Before trying any “remedies,” get a second opinion. If your teen's teachers feel he's doing pretty well (and if they have the test scores to prove it), it's worth listening.
Next, you might consider whether your underachiever has hit a downward spiral because she's disorganized or just doesn't know how to cope with a busy schedule with several subjects to work on every night. (Refer to Homework Tips for Teens on helping your teen get organized.)
Though it may be hard for parents to accept, not all children are academically inclined. But even if your teen isn't a scholar, he can be great at many other things. He may be a wonderful jazz pianist, or have excellent painting skills. Or maybe he's just a really nice kid. Your job as a parent is helping your teen find what he's good at, and what he really loves—whether it's helping the poor, working with tools, or starting a business. Many things are possible for people of all abilities, and if you believe in your teen—no matter what— you make his road that much easier.
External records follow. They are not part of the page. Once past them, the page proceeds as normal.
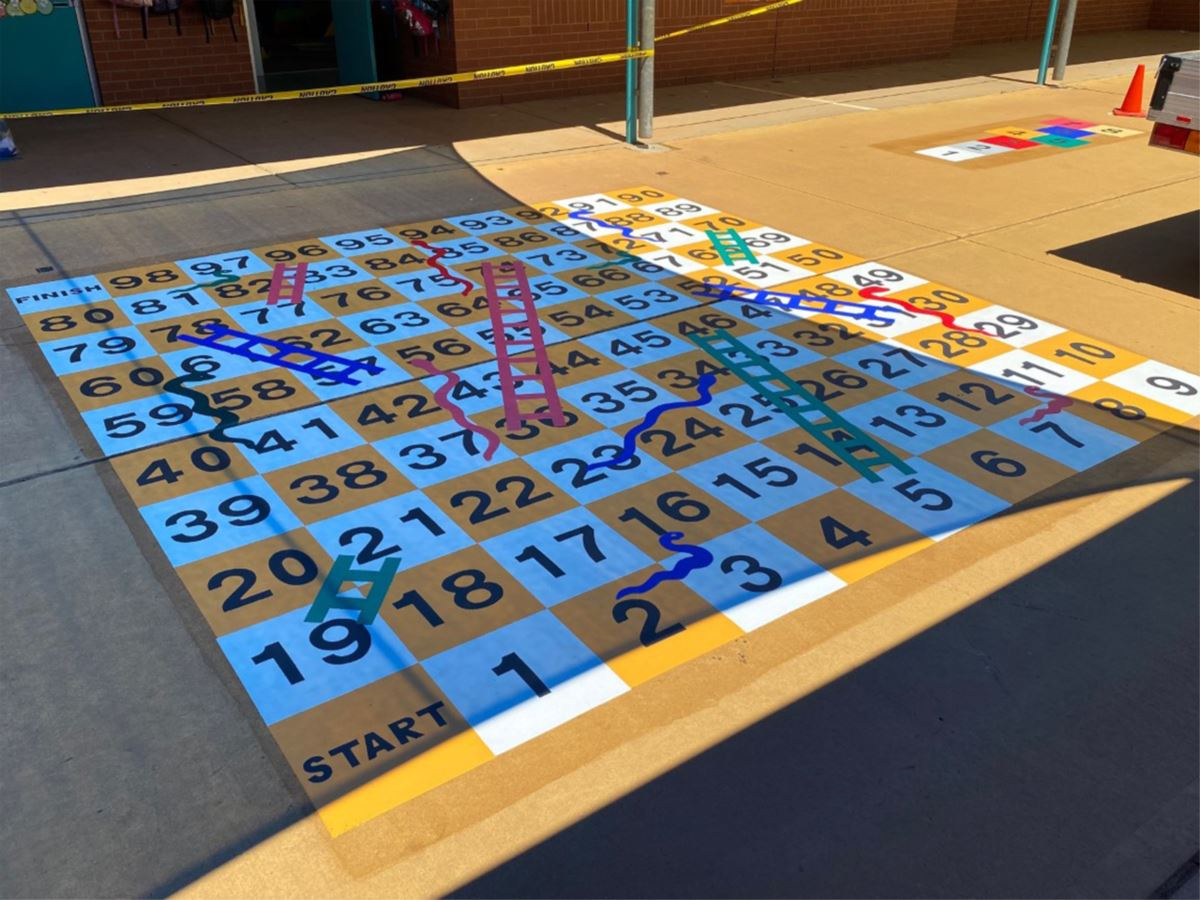 Line Marking in Dubbo Signvision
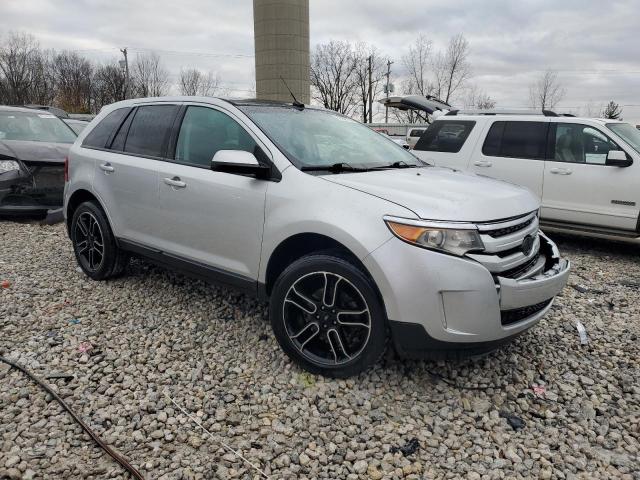 Photo 4 from auction – 2013 FORD EDGE SEL with VIN 2FMDK4JCXDBC07796
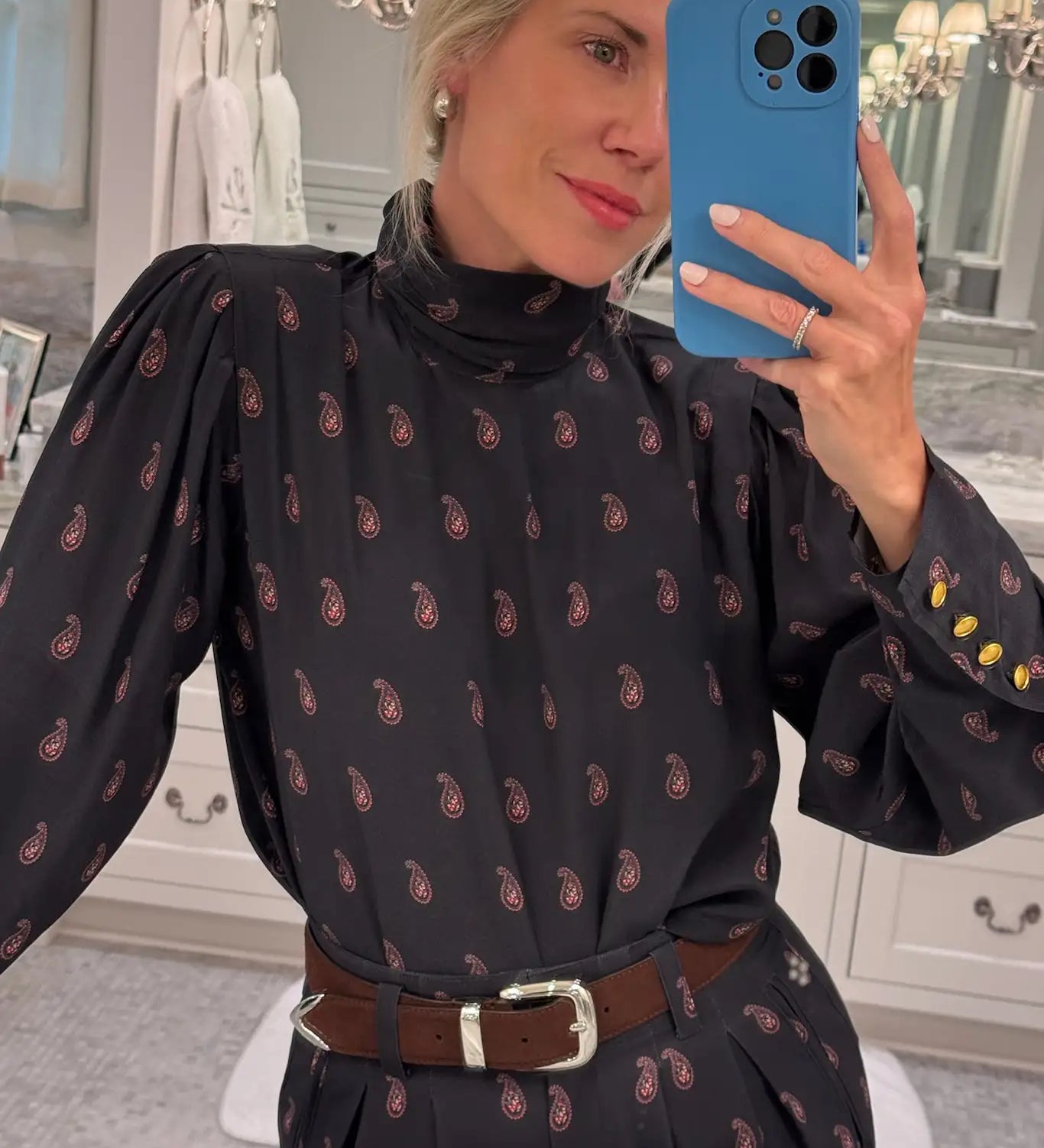 Hunter Bell - Ellerie Top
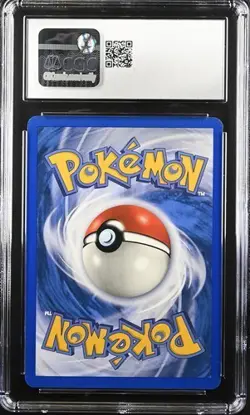 CGC 10 GEM MINT Gengar 48/165 Pokemon 2002 Expedition Base Pop 45 - Image 2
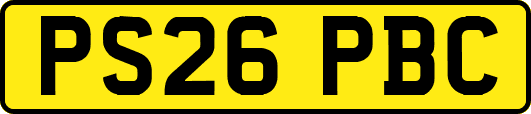 PS26PBC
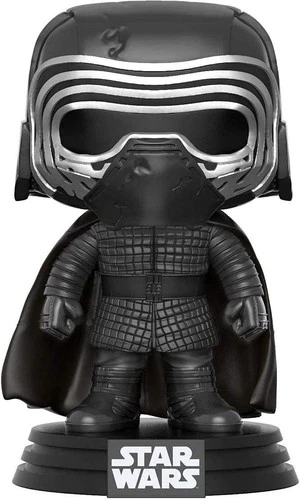 POP! Star Wars: #203 KYLO REN 3.5" Vinyl Bobble-Head! (Funko)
Sometimes, one of the best ways to help an underachiever is to not get directly involved in homework. Find out how much time he should be spending on homework every night and then require that that amount of time be invested. Make sure he touches base with you, your spouse, or an older sibling to show that he made an effort to do his work. Then check to see that the work makes it into the backpack. (Doing the work but not taking it to school is another form of self-sabotage for the underachiever.)
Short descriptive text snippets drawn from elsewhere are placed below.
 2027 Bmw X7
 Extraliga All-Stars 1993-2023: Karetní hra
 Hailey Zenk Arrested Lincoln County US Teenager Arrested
After the elapsed time, encourage your teen to do something he likes—whether it's painting or biking or tinkering under the hood of his car. Having him do something in which he excels will help bolster the confidence he needs to try school challenges.
Offering emotional support (underachievers generally have low self-esteem) helps immensely, but ultimately, the under-achiever has to decide to do it for himself. Show acceptance and affection for your child and make certain that he knows you love him no matter what his academic standing.
Progress may be exceedingly slow, but express pleasure in anything. An improvement from a C to a C+ is a good start. A few forays into grades of B- and above will prove to the under-achiever that he is capable of better work and nothing terrible will happen if he does it.
If you feel you're making no progress, consult a professional. (See Getting Help for a Troubled Teen for information on finding counseling help.) Underachievement often has deep psychological roots, and if you're not making headway with your teen, you'd be wise to contact someone who can help discover what's bothering him.